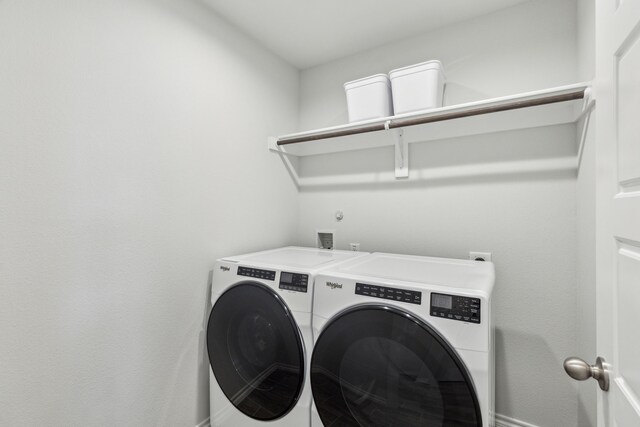 3006 Genevieve Ln, Royse City, TX 75189 - laundry area with separate washer and dryer and baseboards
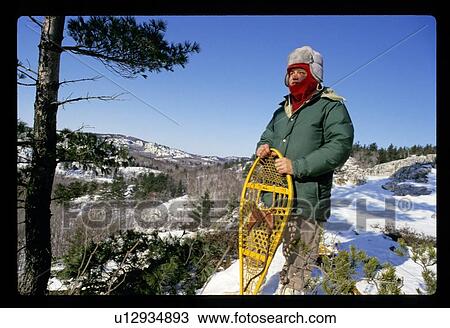 Snowshoe hiking View Large Photo Image Stock Image - Snowshoe hiking. Fotosearch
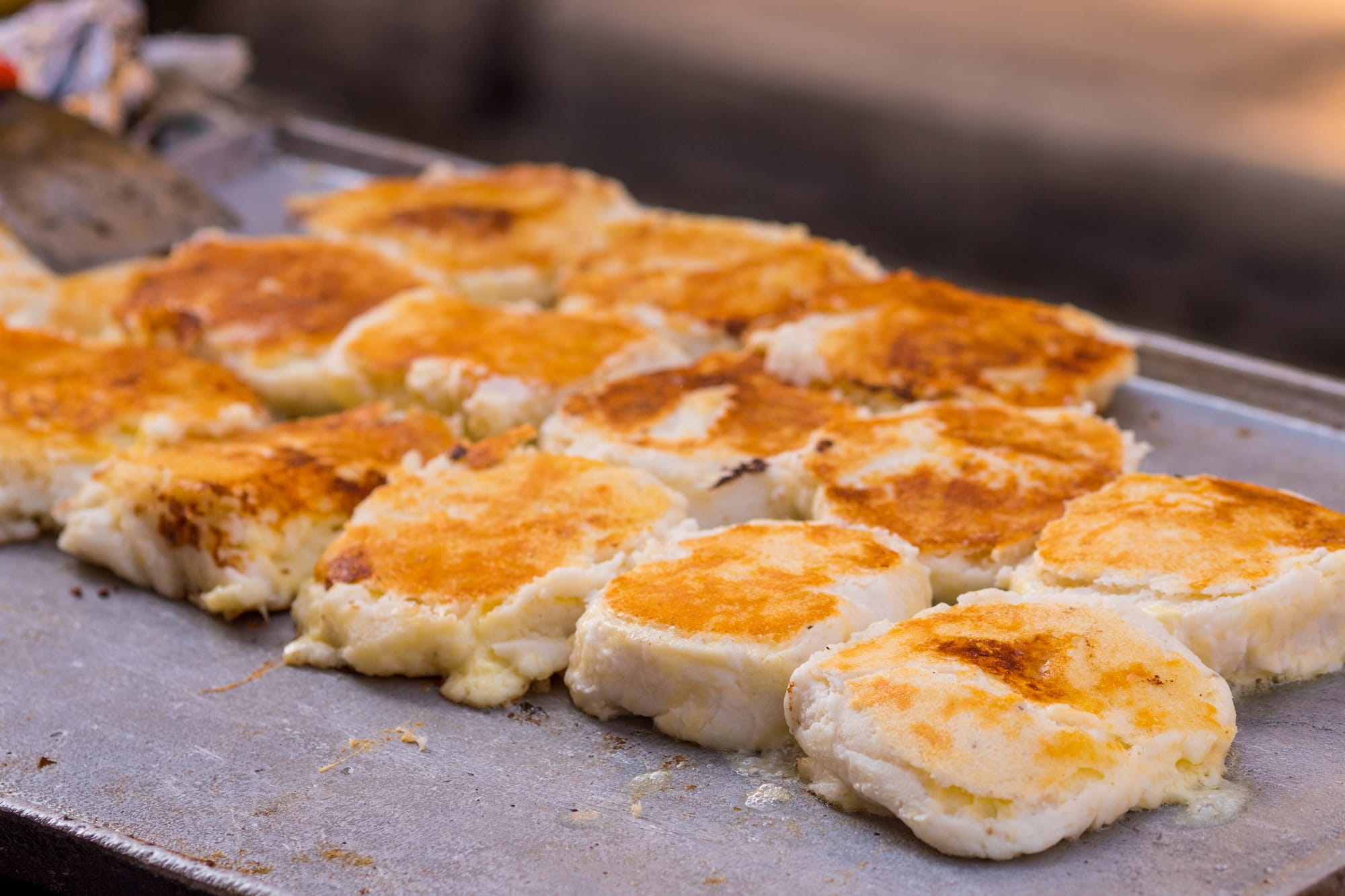 a group of food on a metal surface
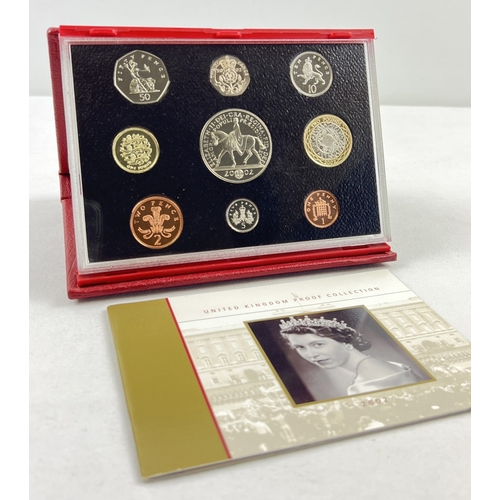 1199 - A cased proof set of 2002 British coins by The Royal Mint. To include Golden Jubilee crown and Stand... 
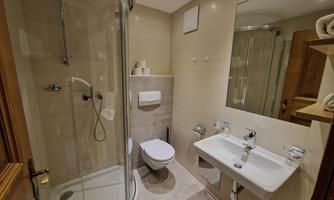 A modern bathroom with a glass shower and a sink. The walls are brightly tiled, and there is a large mirror.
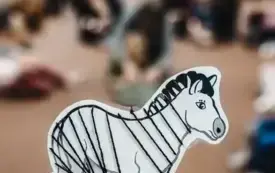 Grupa dzieci nawleka wł&oacute;czkę na zalaminowane zebry.
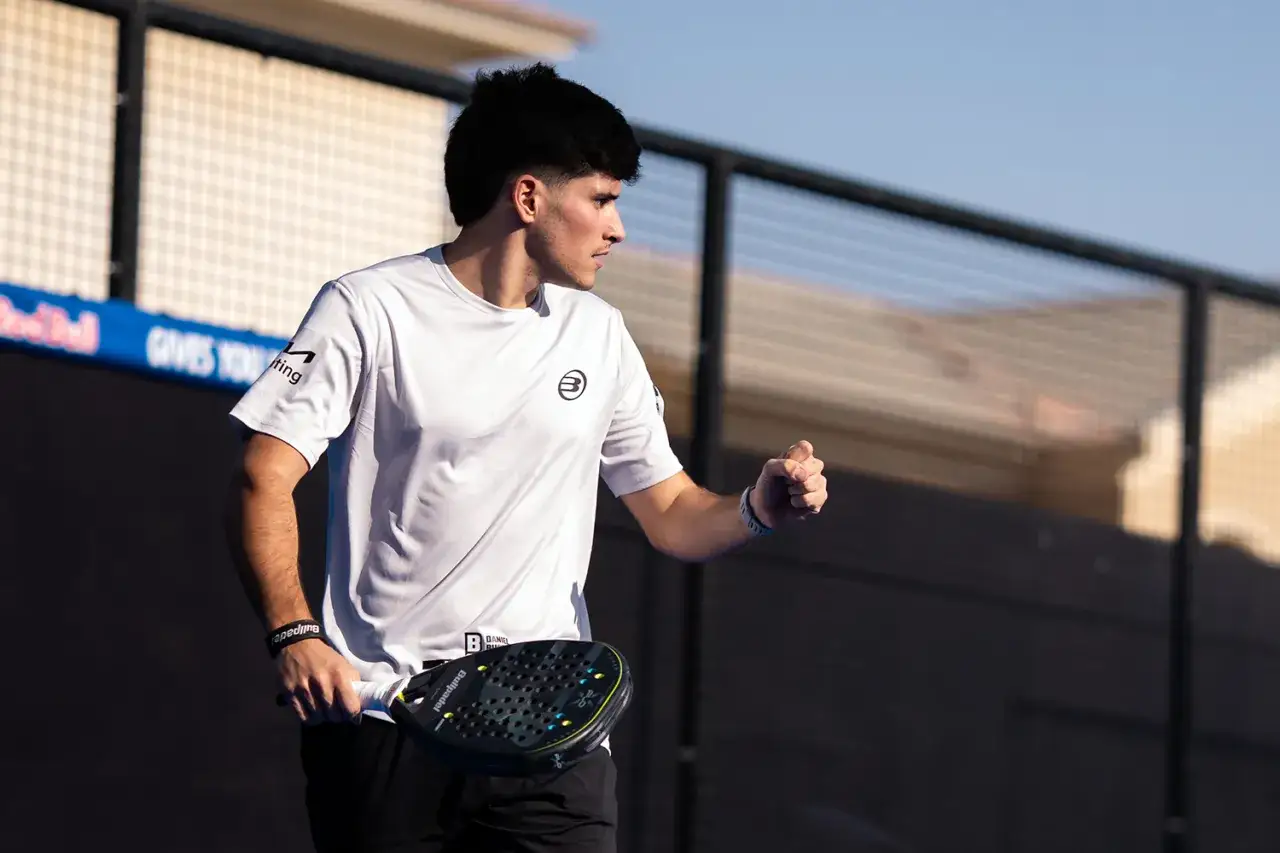 Maxi Sanchez, giocatore di padel, esulta con il pugno chiuso e la racchetta in mano, pronto per il prossimo punto.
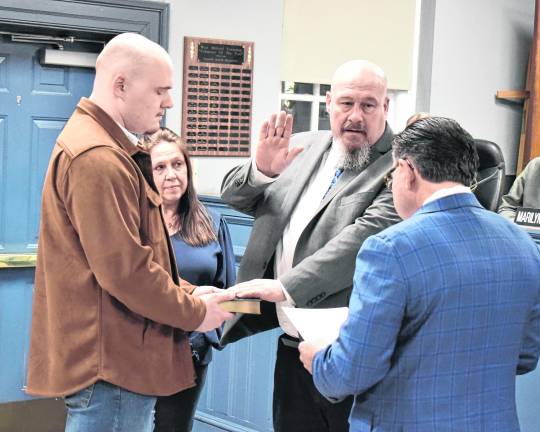 Senator Anthony Bucco (LD-25) swears in Councilman Kevin Goodsir to his third term on the West Milford Township Council as his wife and son look on.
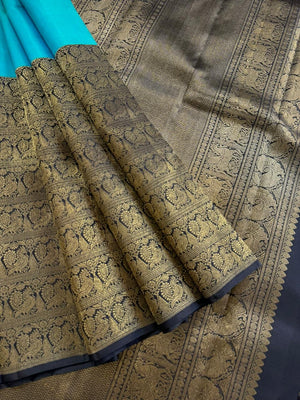 Tasteful Tall Border Kanchivarams - lovely dual tone blue and black with long zari woven one side korvai borders with grand pallu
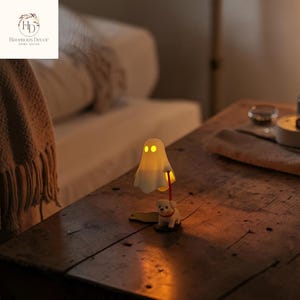 May include: A novelty ghost lamp with a small dog figurine. The lamp has a white ghost with yellow eyes and a red stick. The dog is white with a red collar. The lamp is on a wooden table.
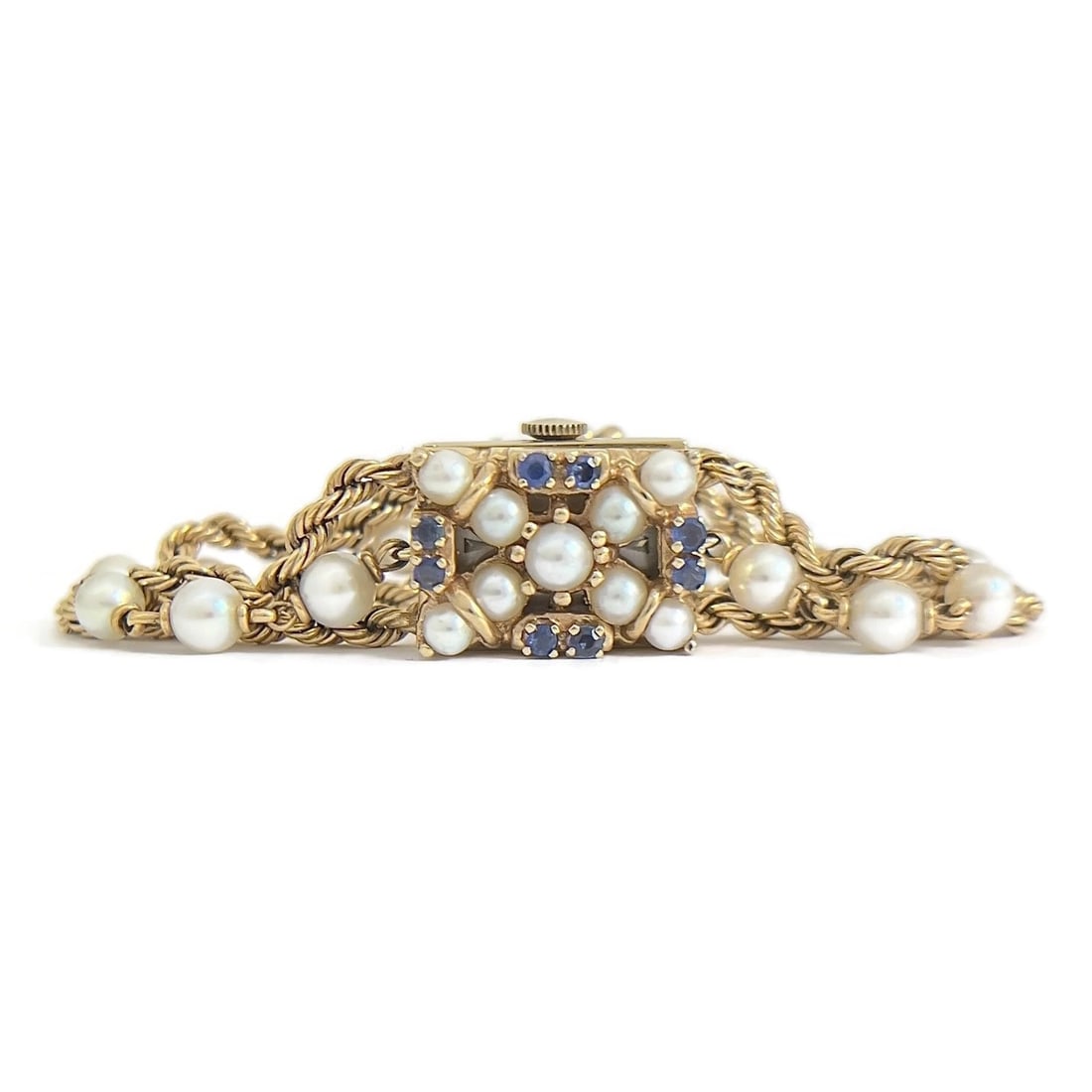 Vintage 1940's Nelmor Pearl Sapphire Bracelet Watch 14K Yellow Gold, 30.7 Grams: Vintage 1940's Nelmor Pearl Sapphire Bracelet Watch 14K Yellow Gold, 30.7 Grams This gorgeous vintage timepiece will add style to any attire. Please let us know if you have any questions. Circa: 1940'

**What the task requires:** Starting with the line that has "1199 - A cased" and going on through the line that has "May include: A", transcribe the records above exactly, but skip the pictures.

**Expected answer:**
 1199 - A cased proof set of 2002 British coins by The Royal Mint. To include Golden Jubilee crown and Stand... 
 A modern bathroom with a glass shower and a sink. The walls are brightly tiled, and there is a large mirror.
 Grupa dzieci nawleka wł&oacute;czkę na zalaminowane zebry.
 Maxi Sanchez, giocatore di padel, esulta con il pugno chiuso e la racchetta in mano, pronto per il prossimo punto.
 Senator Anthony Bucco (LD-25) swears in Councilman Kevin Goodsir to his third term on the West Milford Township Council as his wife and son look on.
 Tasteful Tall Border Kanchivarams - lovely dual tone blue and black with long zari woven one side korvai borders with grand pallu
 May include: A novelty ghost lamp with a small dog figurine. The lamp has a white ghost with yellow eyes and a red stick. The dog is white with a red collar. The lamp is on a wooden table.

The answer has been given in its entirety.